The greater accuracy that the BCI and KOF Barometer provide with regard to quarter-to-quarter changes in GDP must also be weighed against the far greater effort that the calculation and maintenance of these two indicators entail. Viewed in this way, FLUR offers a huge gain in efficiency.

In their evaluation of business cycle indicators for the Swiss economy, Glocker and Kaniovski (2019) list four requirements that in their mind an ideal business cycle indicator should fulfill. These consist of (1) a high contemporary or leading correlation with the reference series, (2) timely availability, (3) temporal stability and (4) a low proneness to revisions. To our mind, FLUR meets all of these demands. As our VAR findings show, FLUR exhibits high contemporary and leading correlations with the reference series, i.e., GDP growth. It is timely given its monthly periodicity in combination with its forecasting capabilities. It exhibits high temporal stability, resting as it does on a mathematical law instead of empirical correlations. And the data underlying FLUR, unlike those on which the BCI of the SNB and the KOF Barometer rest, are not subject to revisions, being based on administrative records that are not subject to change.

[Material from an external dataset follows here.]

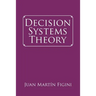Decision Systems Theory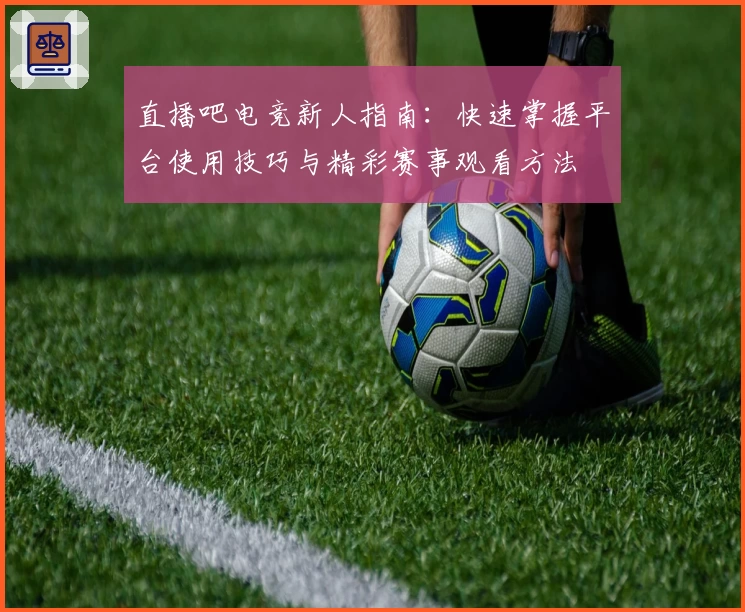 直播吧电竞新人指南：快速掌握平台使用技巧与精彩赛事观看方法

Our paper also opens up avenues for future research. For one, the finding that our indicator contains information that contributes to the prediction of GDP growth and is not captured by the BCI or the KOF Barometer suggests that it would be advantageous to incorporate FLUR in the construction of these leading indicators. It could also prove to be worthwhile to repeat our horse race procedure using real-time instead of final-release values for the BCI or the KOF Barometer in order to assess the advantages of having a leading indicator not subject to subsequent revisions. Any finally, it could also be of interest to compare the performance of FLUR with the other two leading indicators during the financial and COVID-19 crises when the demand for timely information on economic conditions was at its greatest.

Yet even without the benefits of further research, the evidence presented in this paper already suggests that FLUR can provide a useful measure for policymakers seeking easily compiled and reliable information on the current and future course of the Swiss economy at short time intervals.